Tatsat Chronicle Magazine

Globalisation and India’s Urban Dilemma

The exodus from India’s cities during the Covid lockdown exposed the shortcomings in urban planning and the resultant unchecked growth
November 12, 2021
urban water supply
Unplanned growth has been the bane of Indian cities and overcrowding is the most common outcome (Photo: UNSPLASH)

India is no stranger to urban life. It is the land of some of the oldest continuing cities in the world besides being home to the site of the famed prehistoric urban settlements of Harappa and Mohenjo-Daro. But the true dimensions of the great urban expansion it has experienced over the past three-quarters of a century, accelerating during globalisation, had rarely been fully appreciated.
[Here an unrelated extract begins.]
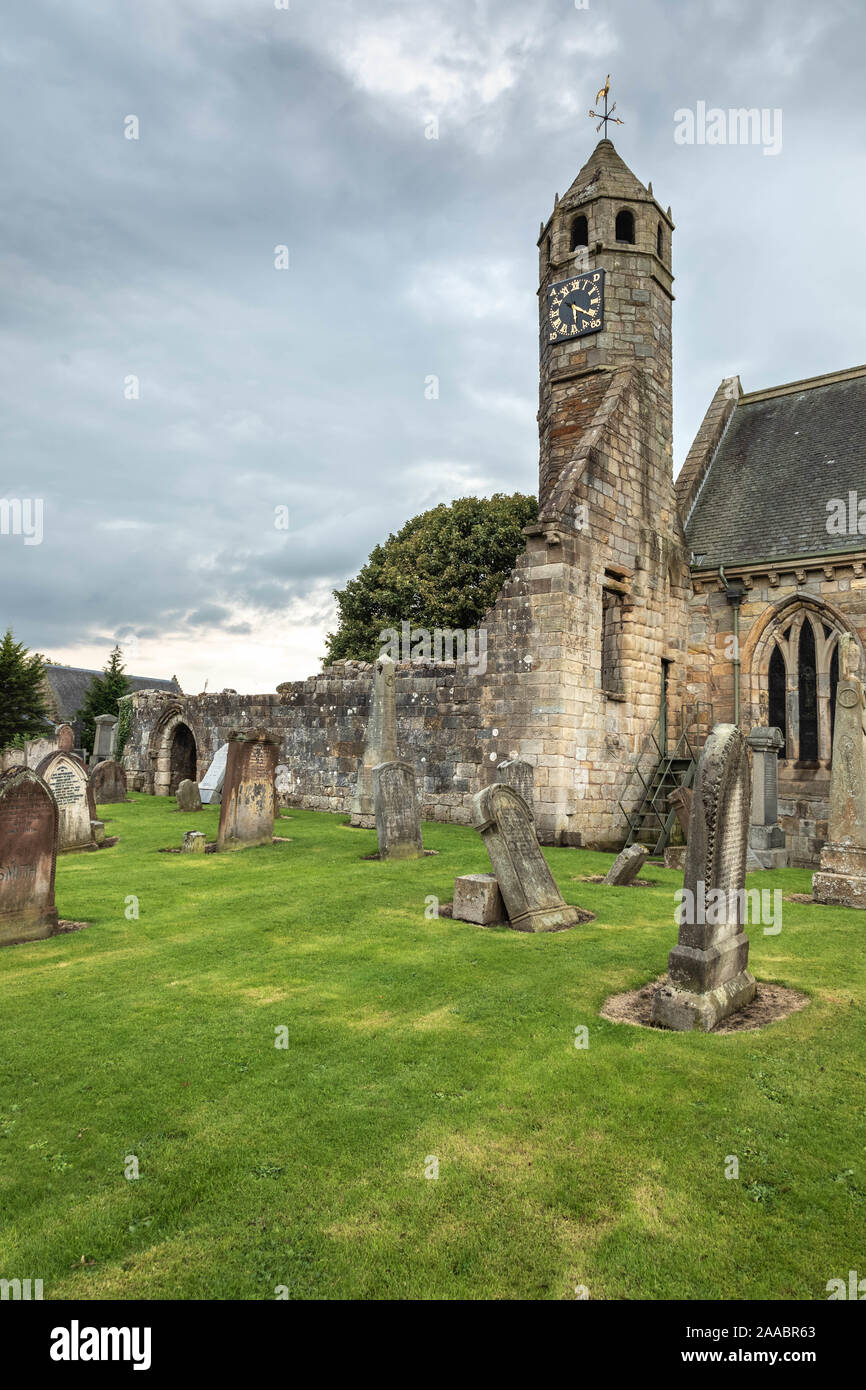 Die ST-Braut, die Kirche, Douglas, South Lanarkshire. Das Gebäude wurde ursprünglich im 14. Jahrhundert gebaut und wurde das Mausoleum der Herren von Douglas Stockfoto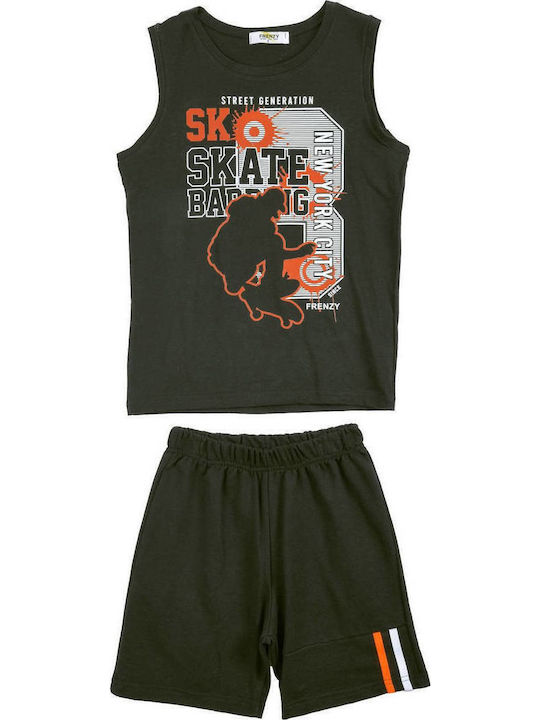 Kids' Set with Shorts Summer 2pcs Black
Until, of course, the massive reverse migrations triggered by Covid-19 lockdowns. As sources of income dried up with the large-scale loss of jobs, thousands of women, children and men trudged back to their villages to find refuge in relative economic and social security. They had to surmount great difficulties as all means of public transport had been suspended. No doubt some good Samaritans volunteered to provide succour in their distress but this mass reverse migration was a strong indictment of city planners who over decades left the people who actually build the cities and provide them with many essential services, to fend for themselves so far as shelter and other welfare needs were concerned.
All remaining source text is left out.